Task instructions: Below this line are records; write out exactly the lines from the one containing "Avenue Blues Jeans" through the one containing "Stylish & Comfort", with the pictures left out.

Available data:
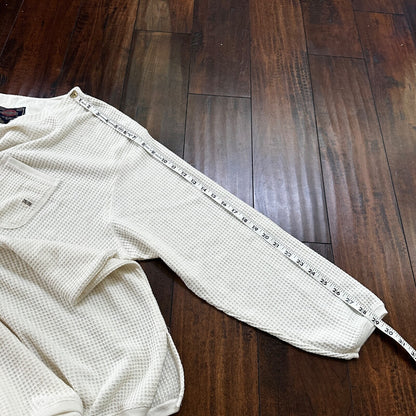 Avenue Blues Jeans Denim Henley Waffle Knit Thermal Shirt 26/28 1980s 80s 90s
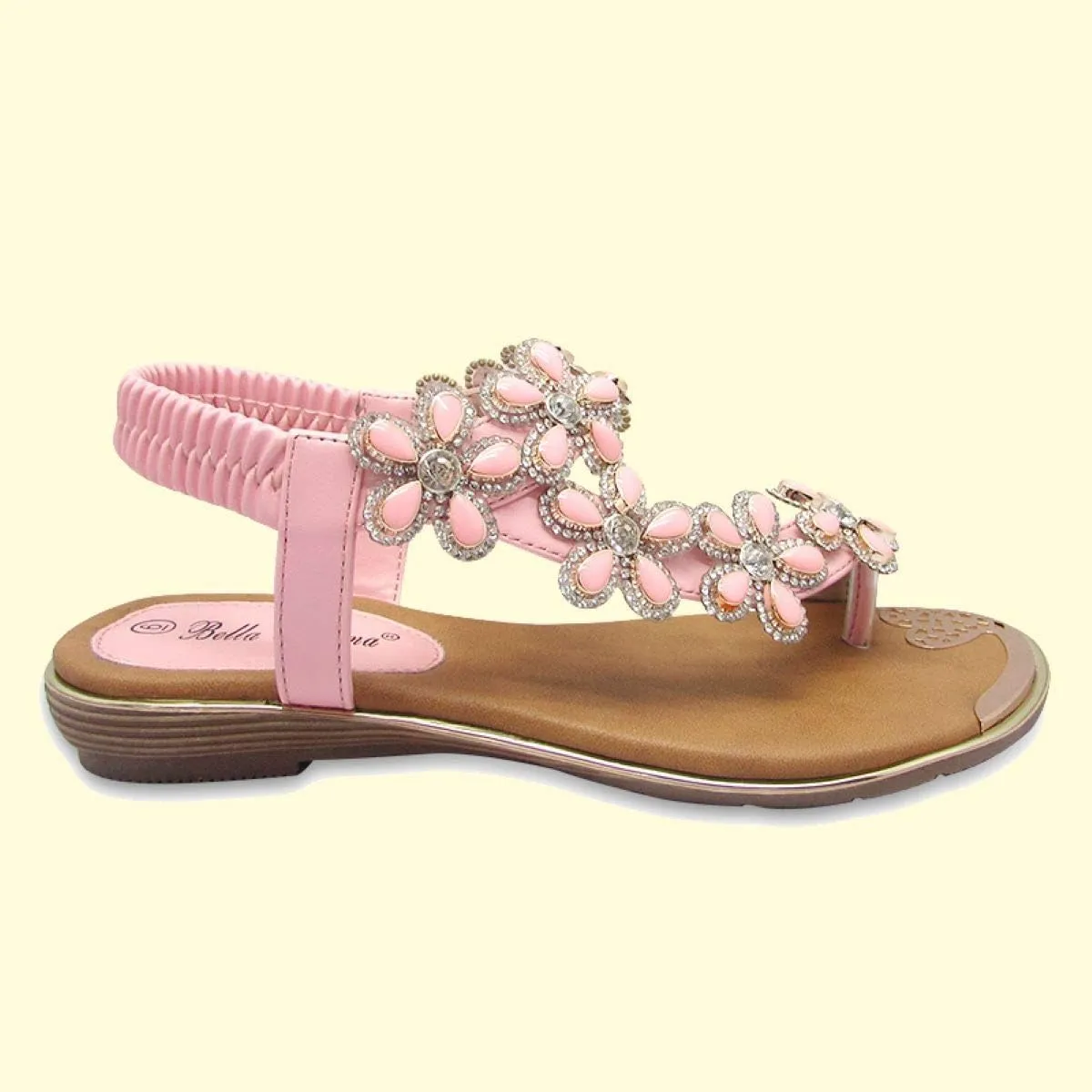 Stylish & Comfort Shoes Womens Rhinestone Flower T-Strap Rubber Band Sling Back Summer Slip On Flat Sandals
==
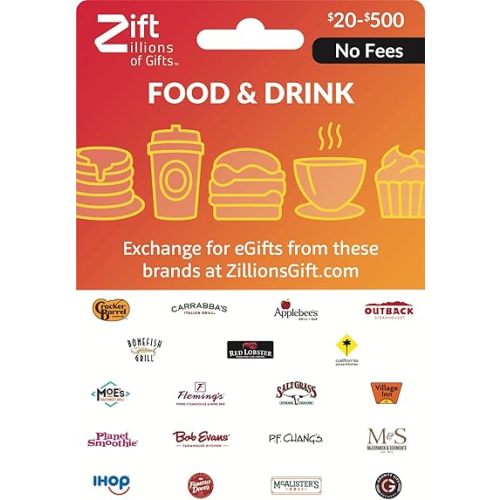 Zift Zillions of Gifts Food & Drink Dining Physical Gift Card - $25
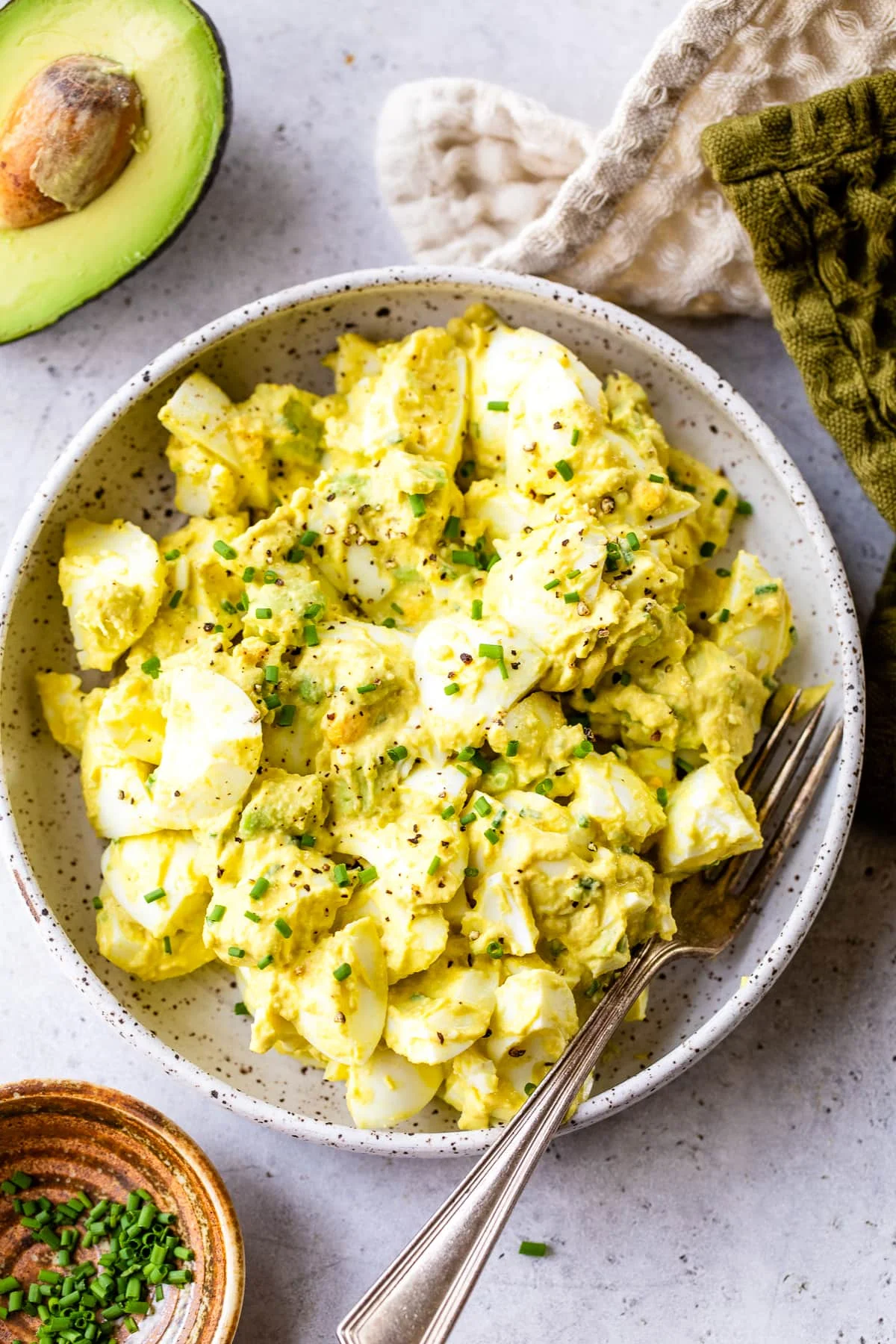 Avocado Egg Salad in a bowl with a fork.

Result:
 Avenue Blues Jeans Denim Henley Waffle Knit Thermal Shirt 26/28 1980s 80s 90s
 Stylish & Comfort Shoes Womens Rhinestone Flower T-Strap Rubber Band Sling Back Summer Slip On Flat Sandals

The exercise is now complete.